> **PROBLEM DESCRIPTION**: The pictures in the listing below are to be skipped, while the lines between the line holding "U-Turn Sign Low-poly 3D model_0" and the line holding "Preview of the", inclusive, are to be output exactly.
[[ DATA TO USE, beginning ]]
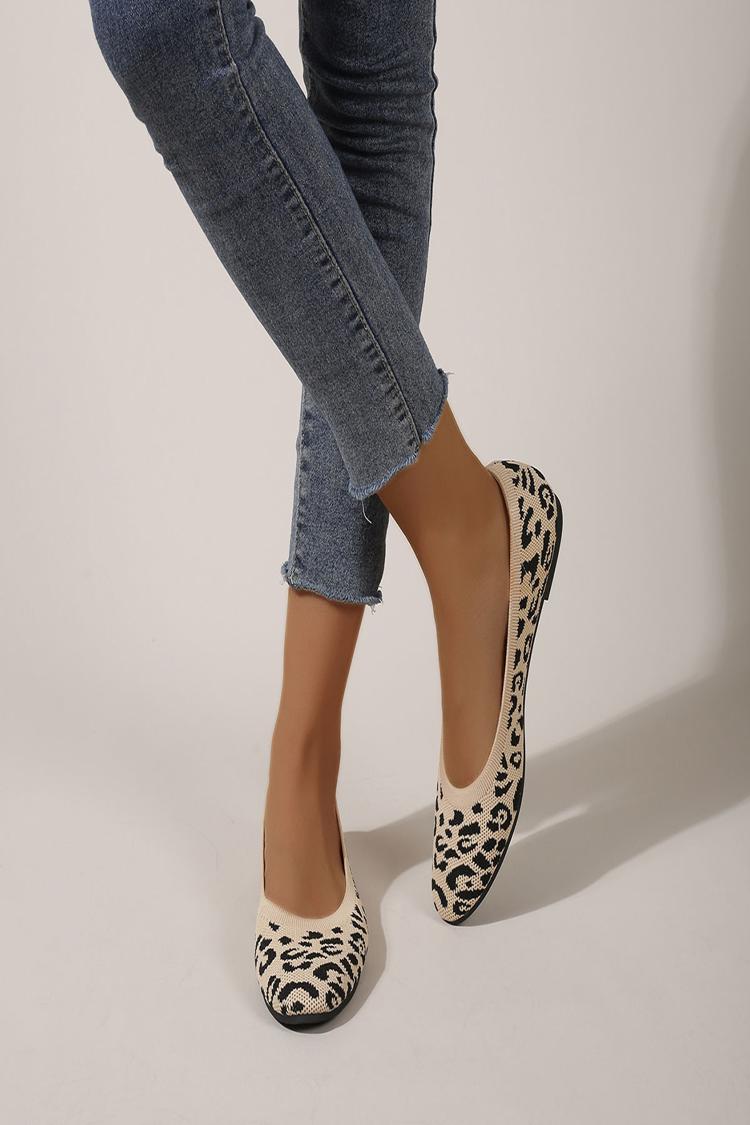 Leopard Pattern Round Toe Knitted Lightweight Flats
[[ DATA TO USE, end ]]
[[ DATA TO USE, beginning ]]
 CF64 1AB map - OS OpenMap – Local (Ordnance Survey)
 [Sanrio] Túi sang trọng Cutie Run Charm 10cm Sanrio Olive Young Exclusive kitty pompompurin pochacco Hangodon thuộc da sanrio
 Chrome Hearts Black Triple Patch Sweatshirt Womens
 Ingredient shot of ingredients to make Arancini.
[[ DATA TO USE, end ]]
[[ DATA TO USE, beginning ]]
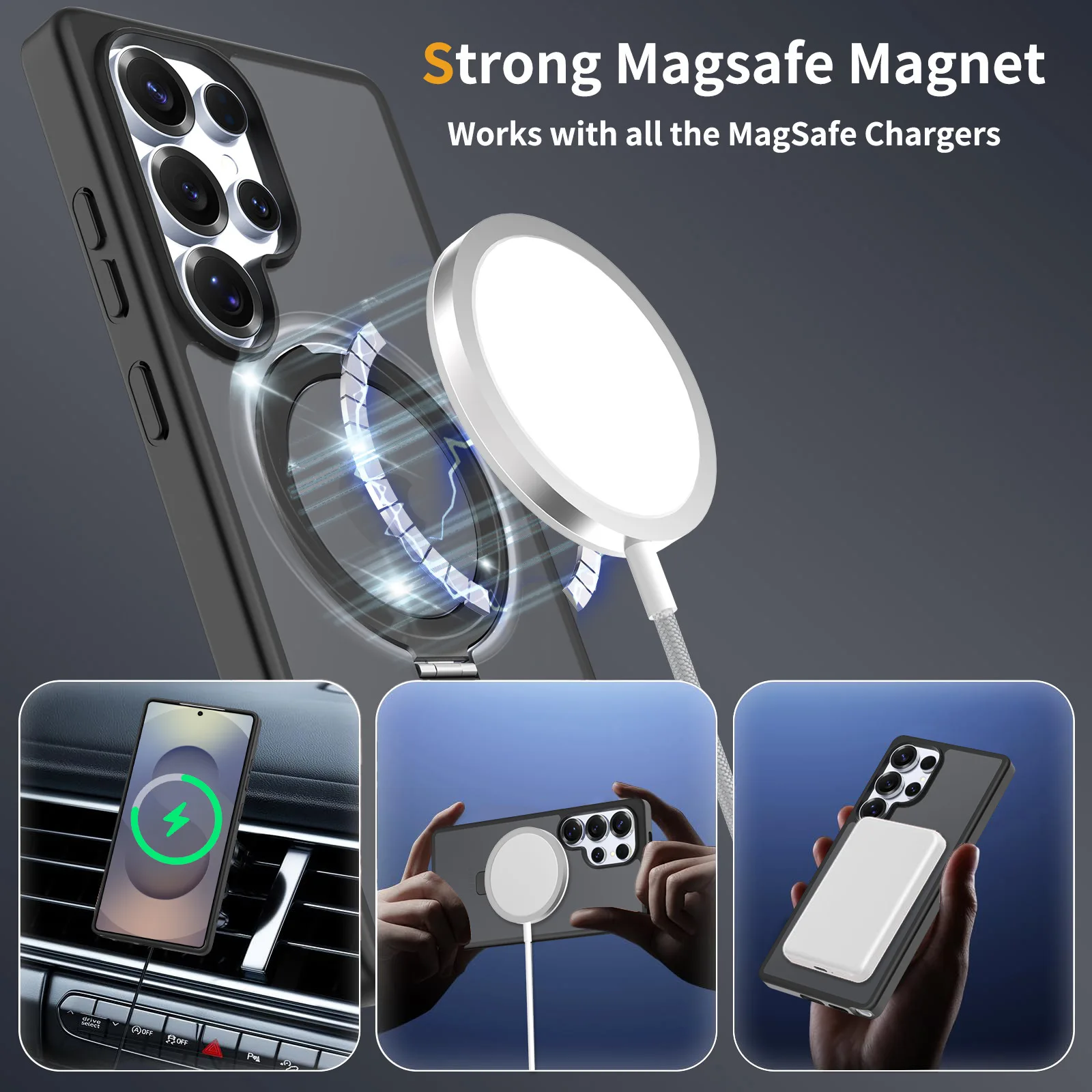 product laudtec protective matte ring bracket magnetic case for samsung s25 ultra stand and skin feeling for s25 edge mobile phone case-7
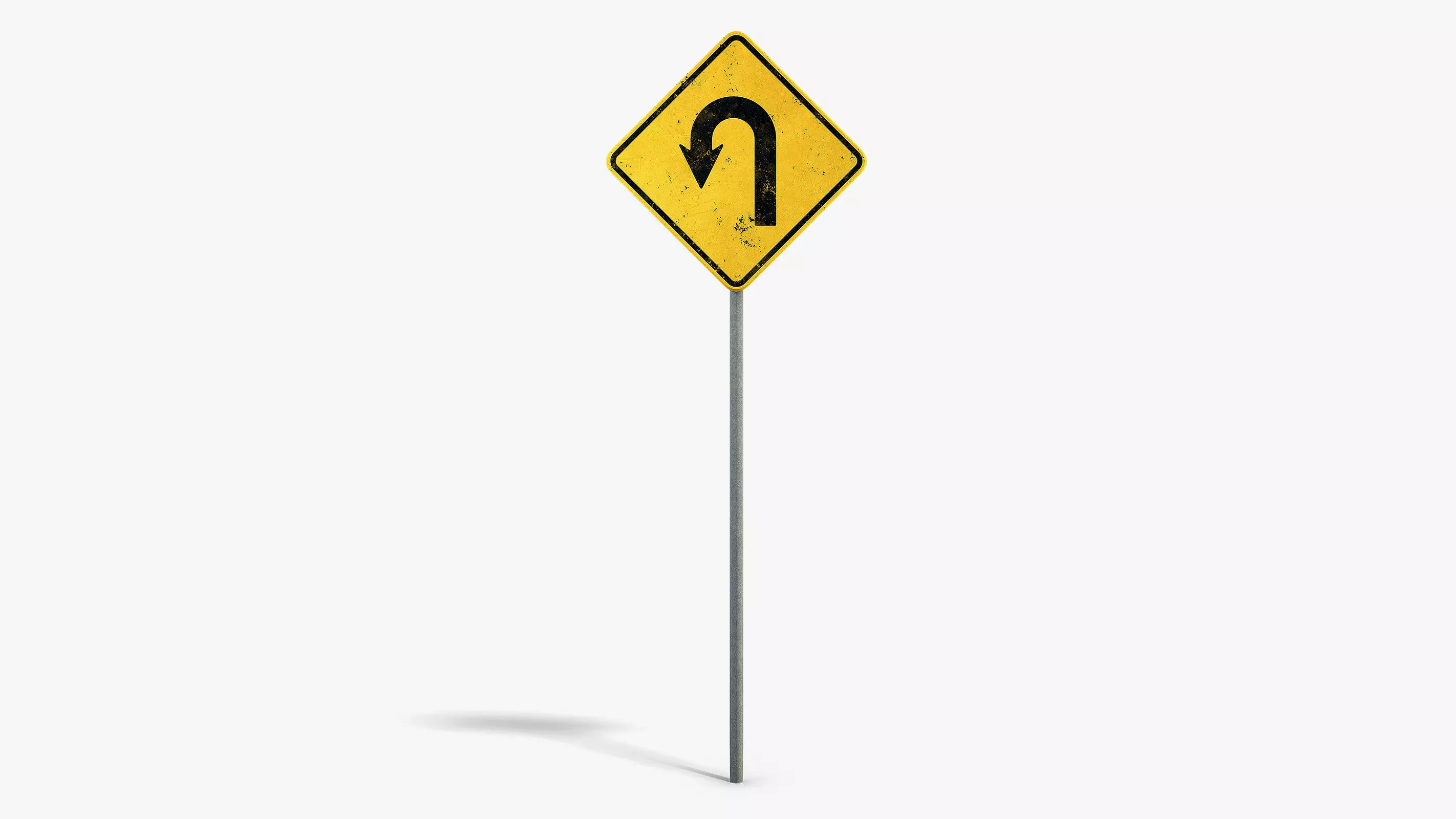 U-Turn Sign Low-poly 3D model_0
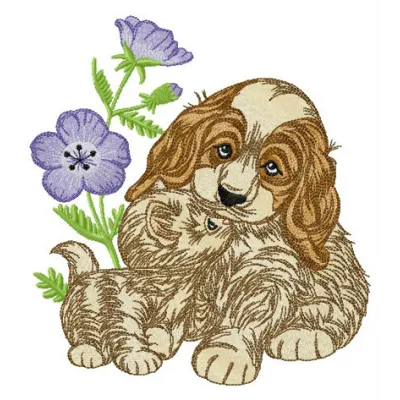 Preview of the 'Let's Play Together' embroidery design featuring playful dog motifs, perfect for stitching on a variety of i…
[[ DATA TO USE, end ]]
> **TASK RESPONSE**:
 U-Turn Sign Low-poly 3D model_0
 Preview of the 'Let's Play Together' embroidery design featuring playful dog motifs, perfect for stitching on a variety of i…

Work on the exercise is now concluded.